A rapid onset of ocean acidification associated with the end-Permian mass extinction

The end-Permian mass extinction (EPME) resulted in the most severe biodiversity loss in Earth’s history, the cause(s) of which are still heavily debated. Recent studies have emphasized the role of ocean acidification on marine ecosystem collapse during the EPME, but the timing of the onset of ocean acidification and its relationship to contemporaneous large igneous province (LIP) magmatism remain ambiguous. Here, we present the first in-situ secondary ion mass spectrometry (SIMS) sulfur isotope data for pyrite and marcasite from the Meishan section, which hosts the Global Stratotype Section and Point (GSSP) of the Permian-Triassic boundary (PTB).
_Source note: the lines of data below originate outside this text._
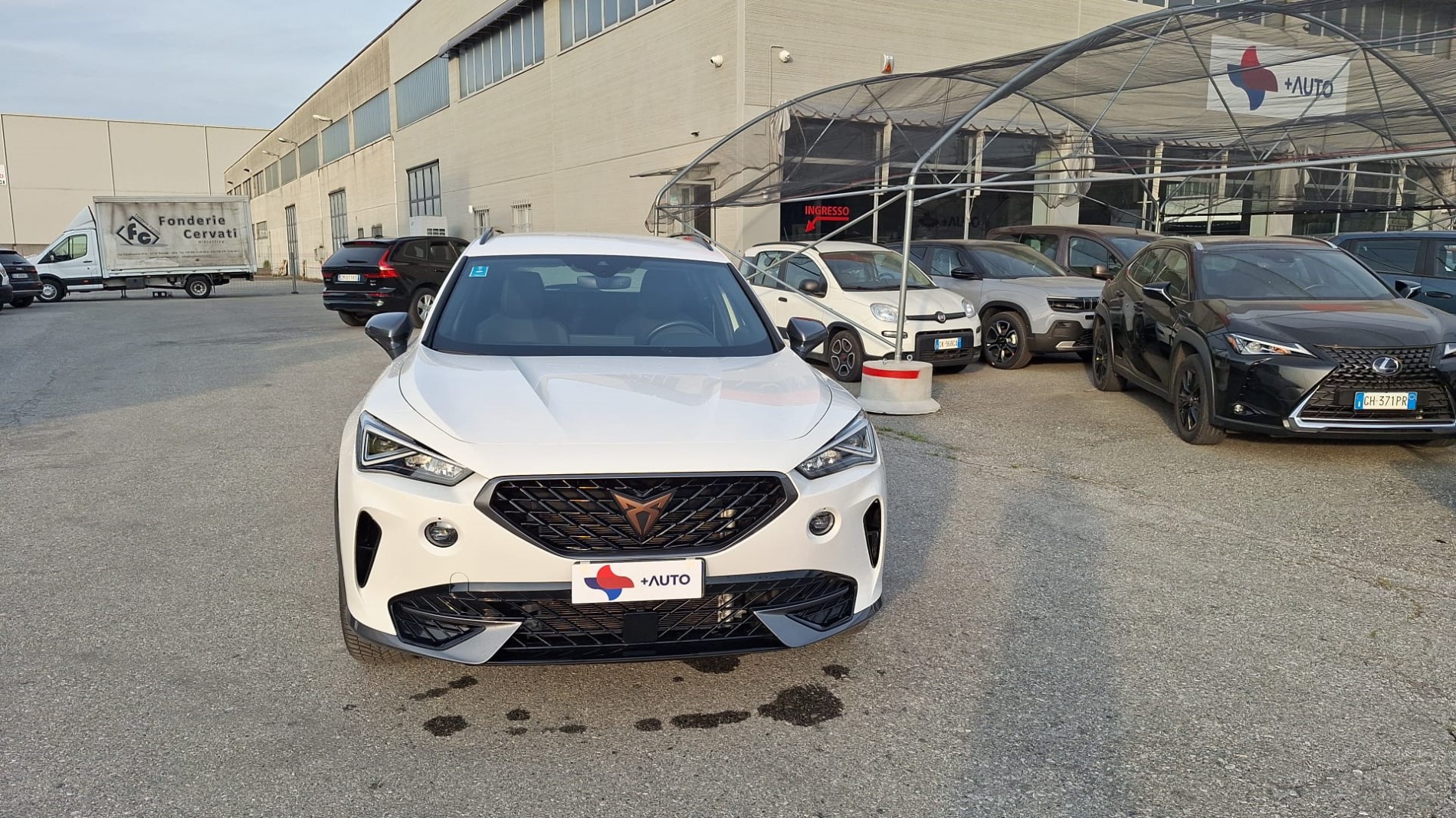 CUPRA FORMENTOR 1.5 TSI 150CV DSG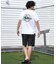 【ムラサキスポーツ別注】QUIKSILVER/QLY261627M 水着 ラッシュガード 半袖 Tシャツ メンズ UVカット 軽量 速乾 水陸両用 クイックシルバー メンズ ムラサキスポーツ限定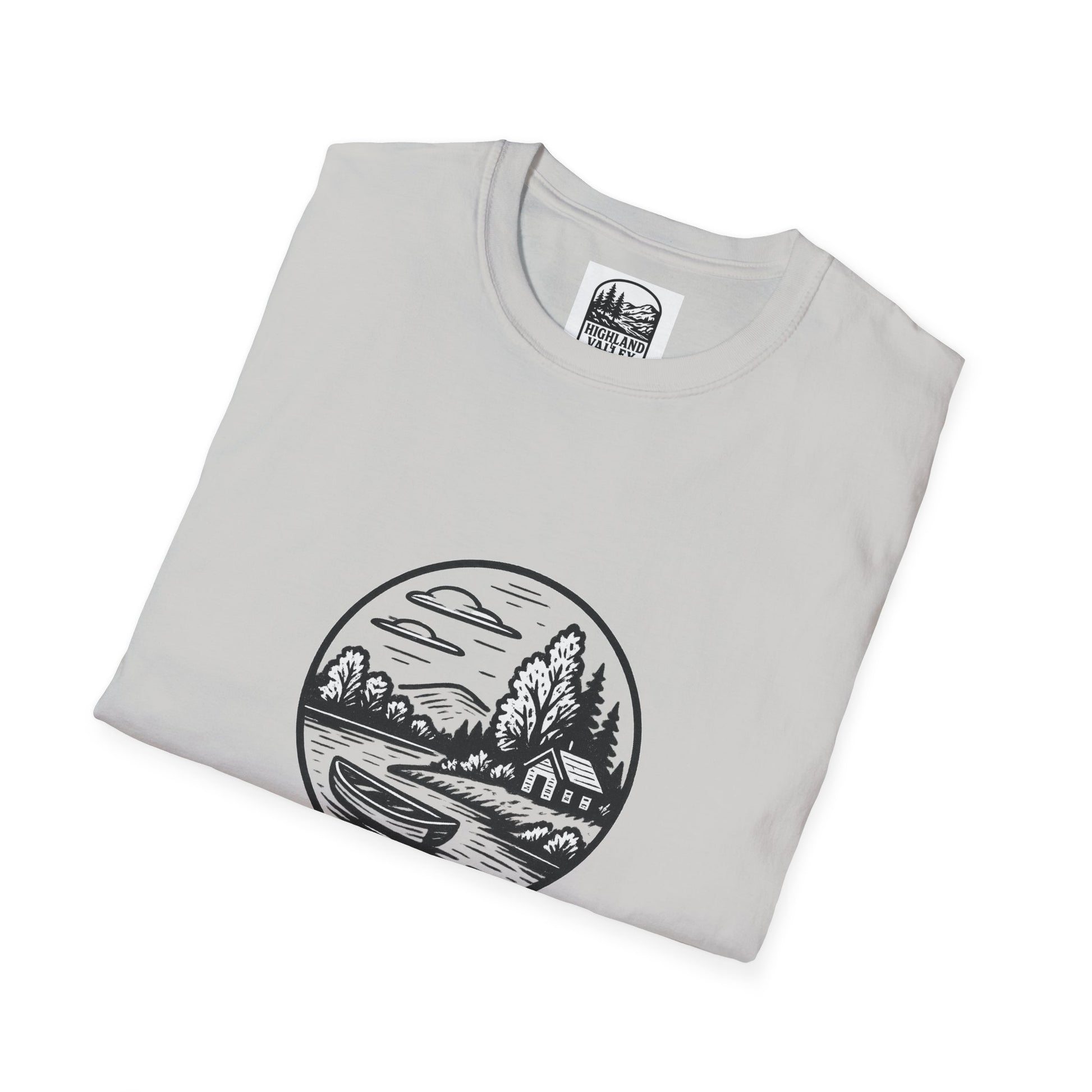 MY VACATION IS TO PERTH UNISEX T-SHIRT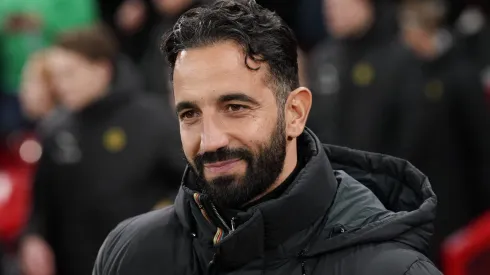 Ruben Amorim quer um craque no Manchester United. foto: IMAGO / Sportimage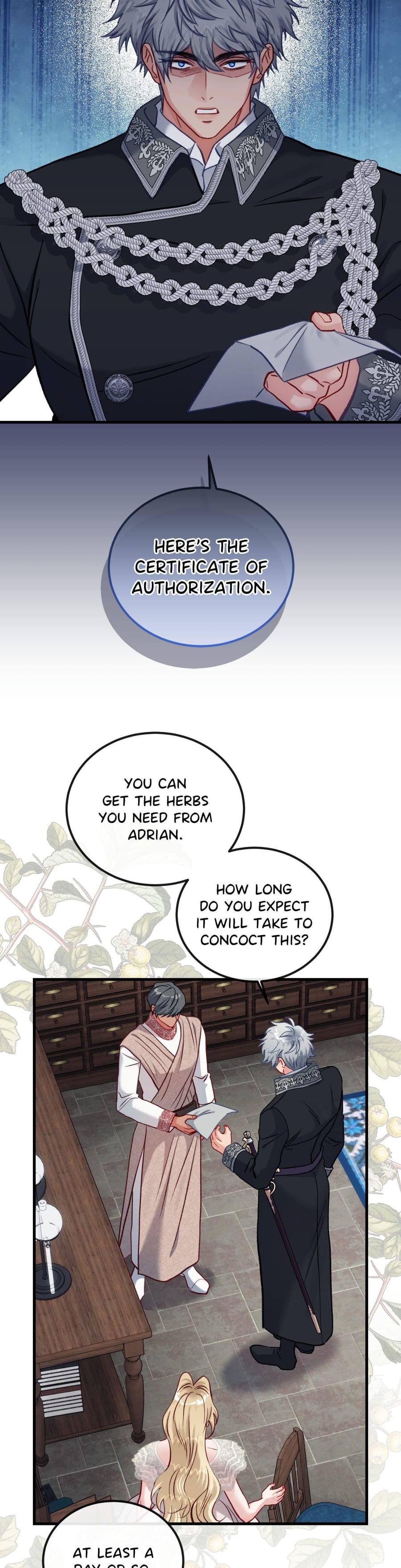 Hunks, Harems, and Hardcore Habits Uncensored, chapter 45, page 16 of 43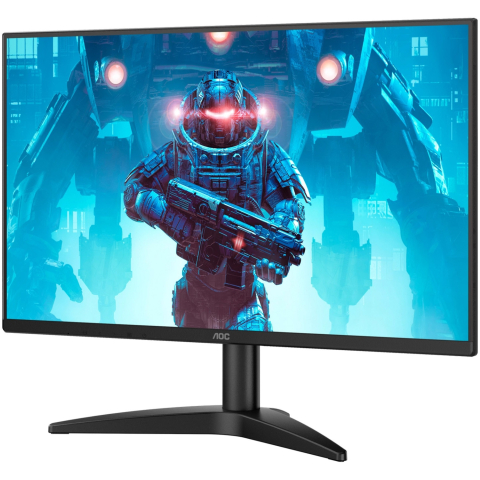 AOC 24B36X – Monitor 23.8″ IPS, Full HD, 100Hz, HDMI + DisplayPort [2]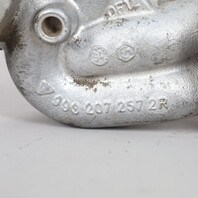 1995-1998 Porsche 911 993 Oil Filter Thermostat Housing 99320705803 OEM Used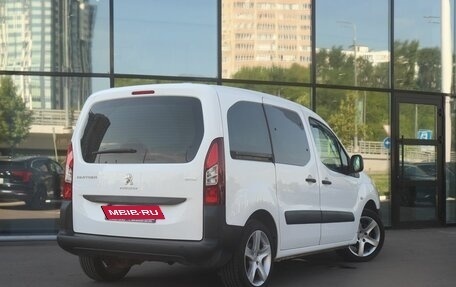 Peugeot Partner II рестайлинг 2, 2022 год, 2 525 000 рублей, 2 фотография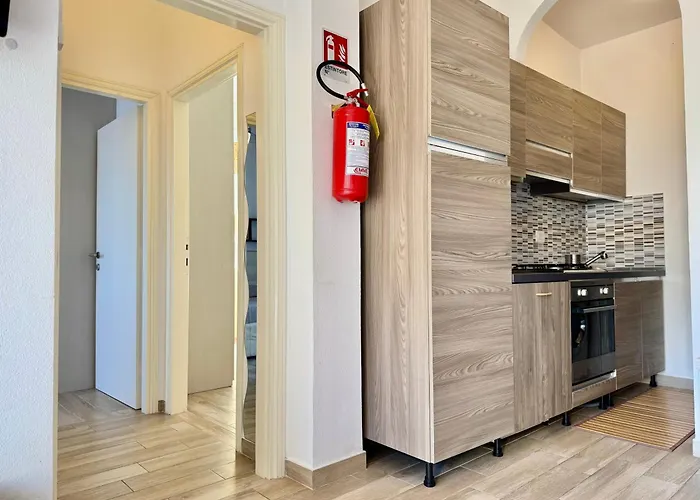 아파트 Alabastro 40 리도아드리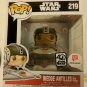 Funko Pop! Star Wars Wedge Antilles w/ Snow Speeder #219 Walgreens Exclusive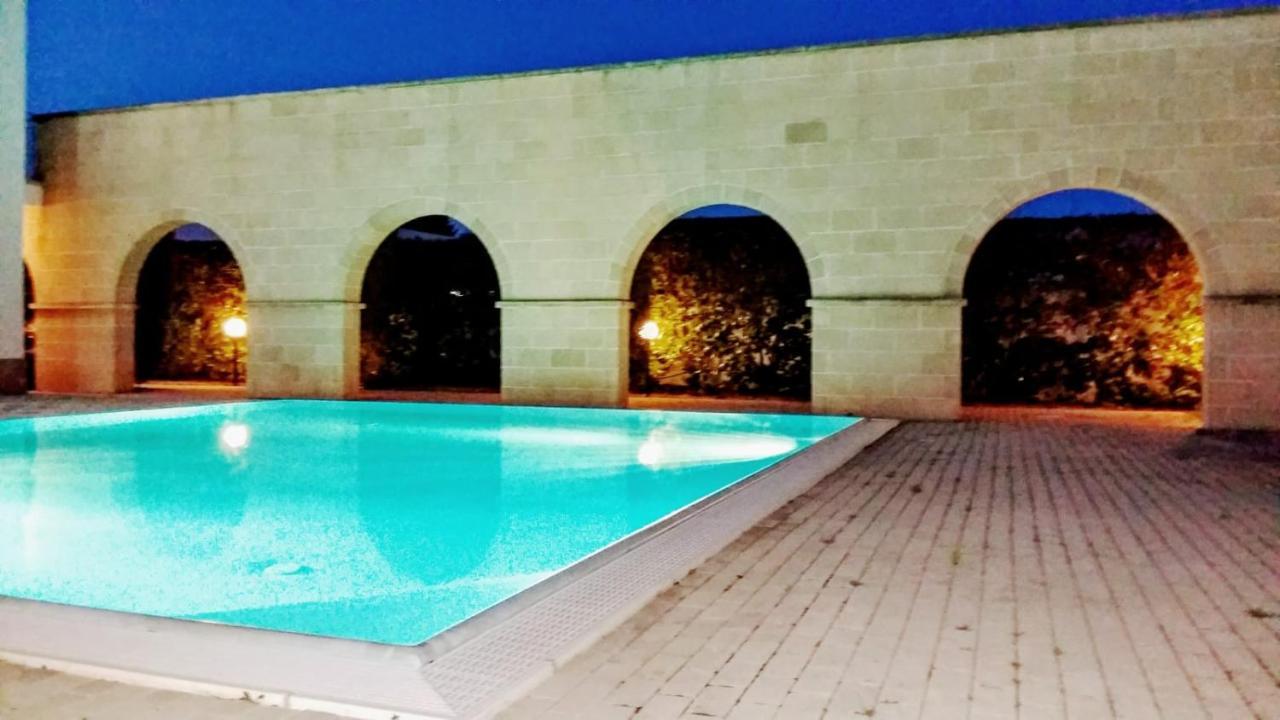 Blue Paradise Santa Maria al Bagno Zewnętrze zdjęcie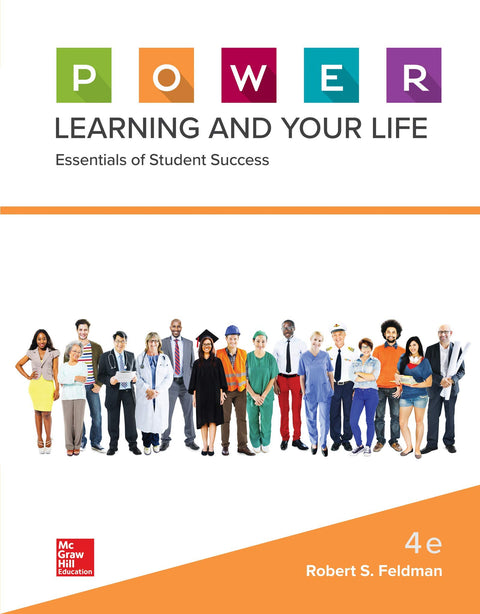 P.O.W.E.R. Learning et votre vie : les clés de la réussite étudiante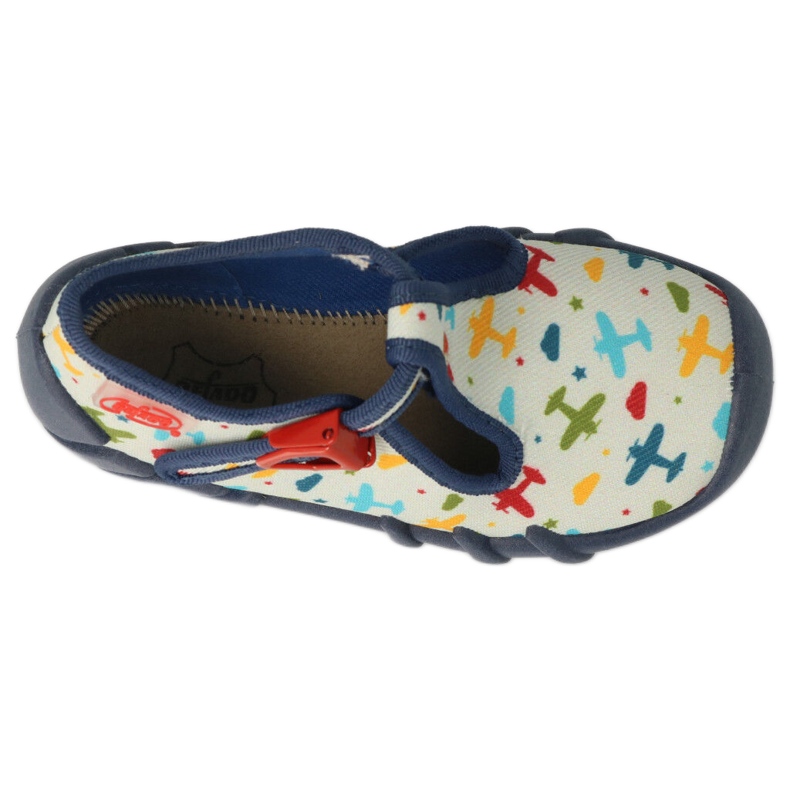 Befado chaussures pour enfants 110P463 multicolore 3
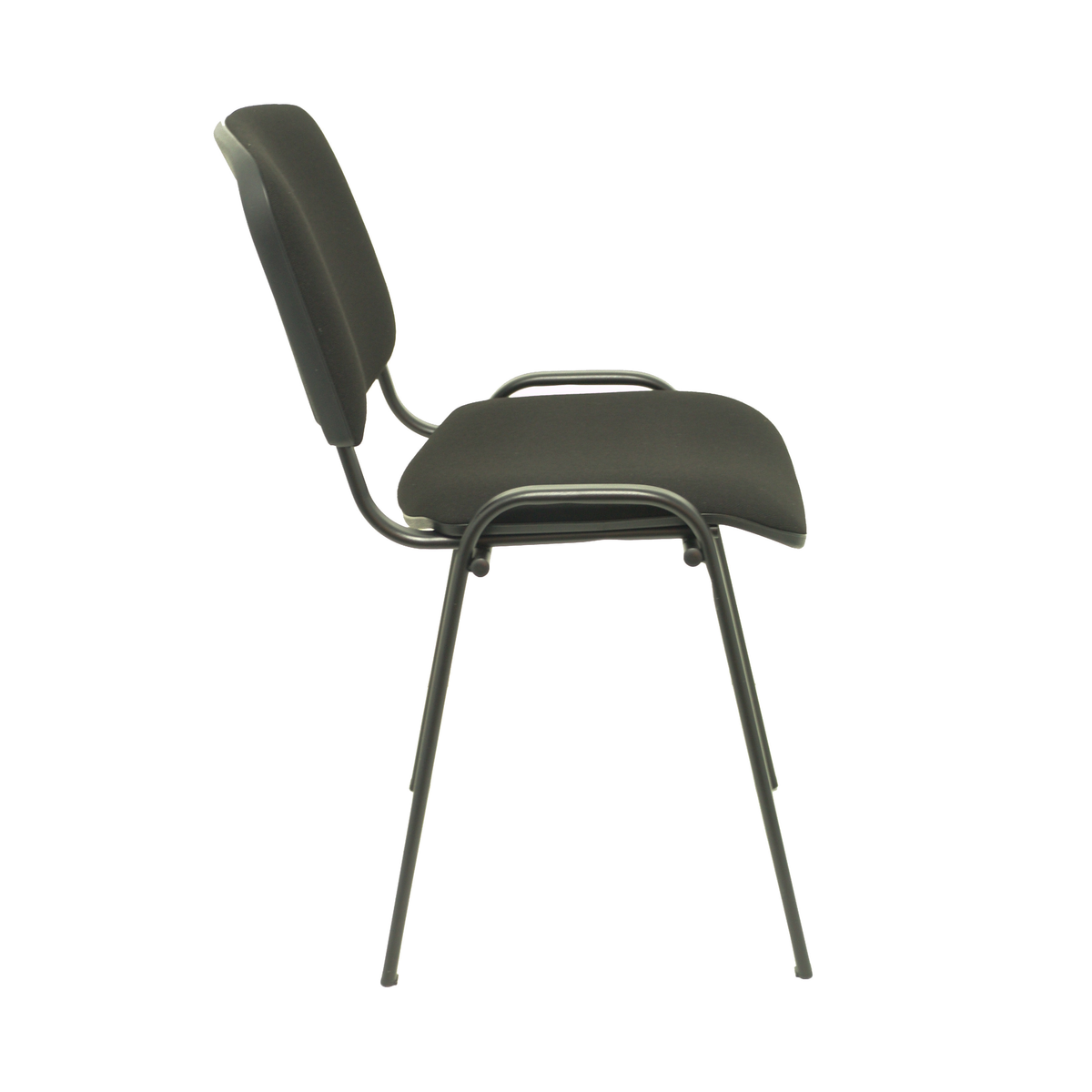 Pack de sillas Piqueras y Crespo Iso Aran - Pack 4 - Negro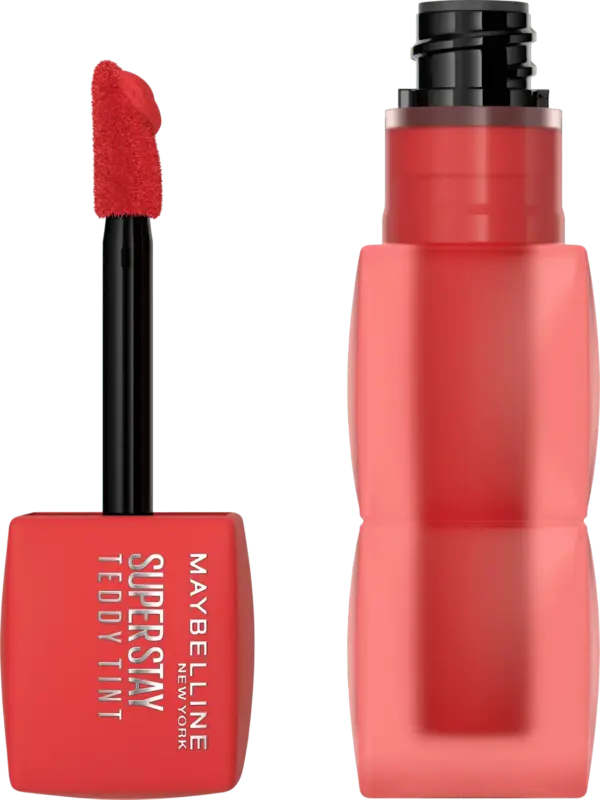 MAYBELLINE NEW YORK Lippenstift Super Stay Teddy Tint 30 Coquettish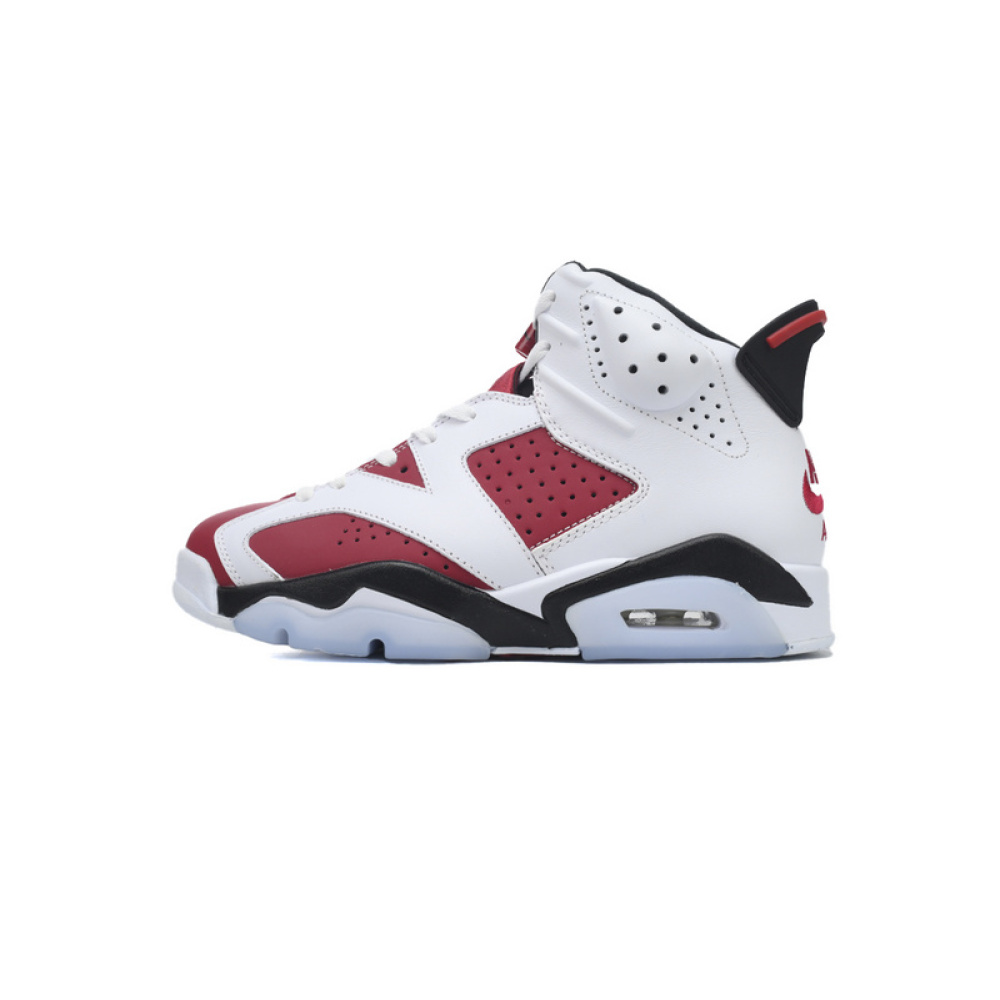 Q1 Air Jordan 6 Retro OG 'Carmine'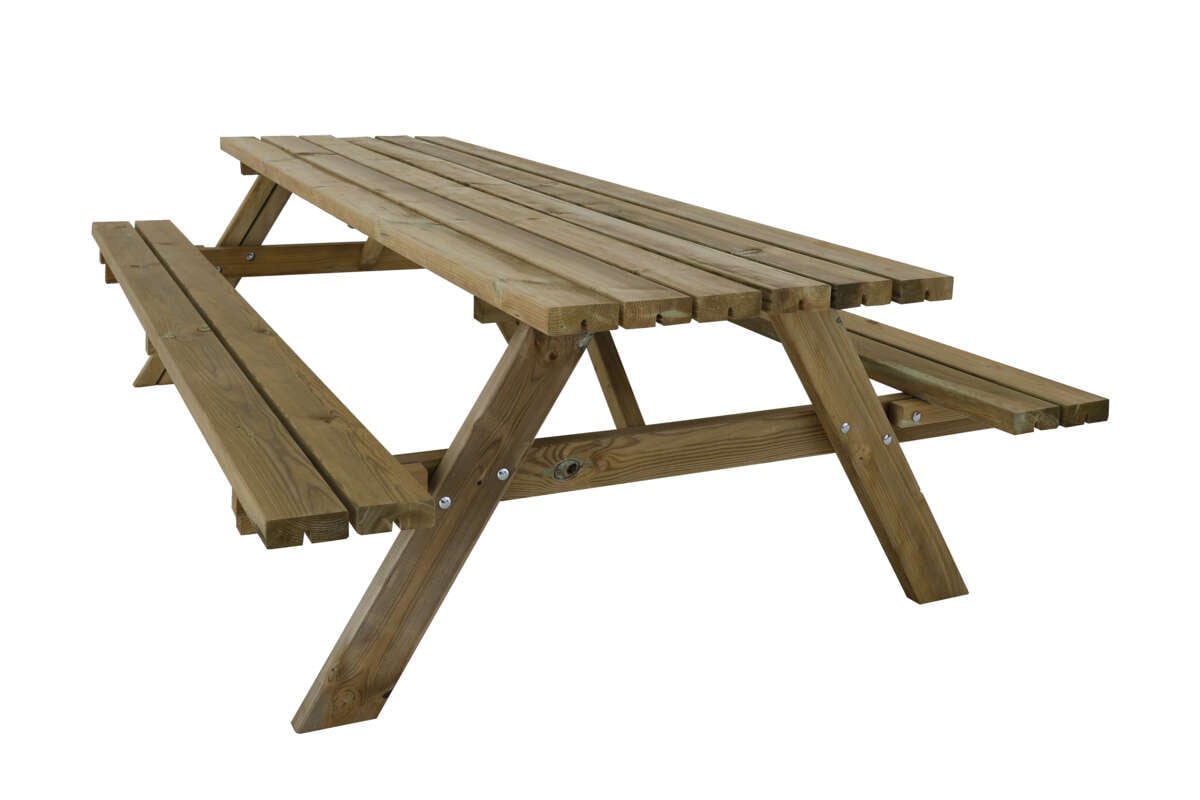 RKC Raste stor bord/benkesett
We found a sharp increase in marcasite abundance and a concurrent decrease in marcasite δ34S to highly negative values (ca. –50‰) within the EPME interval (i.e., Beds 25–28). Combined with the morphology of marcasite, we infer that the formation of 34S-depleted anhedral marcasite occurred in a sulfate-unlimited porewater environment that was likely well connected to the overlying water column. A similar negative shift in δ34Smarcasite was observed in the EPME interval of the Penglaitan section. Given that marcasite forms only in acidic conditions and low δ34Smarcasite values suggest an open porewater system, the sharp negative shift in the δ34S of syndepositional marcasite records a sudden acidification of Late Permian seawater. This conclusion is broadly consistent with previously reported boron isotope data of brachiopod-shell which witnessed a negative shift at the same stratigraphic horizons. While the ocean acidification event started after the starting point (base of Bed 25) of EPME, it occurred broadly within the extinction interval (Beds 25 to 28), supporting the hypothesis that ocean acidification may have been a major environmental factor contributing to the end-Permian marine ecosystem collapse.

Li R., Wu N., Shen S.-Z., Wang X.-L., Chen H., Algeo T. J., Zhang H. & Zhang F., 2023. A rapid onset of ocean acidification associated with the end-Permian mass extinction. Global and Planetary Change 225: 104130. doi: 10.1016/j.gloplacha.2023.104130. Article (subscription required).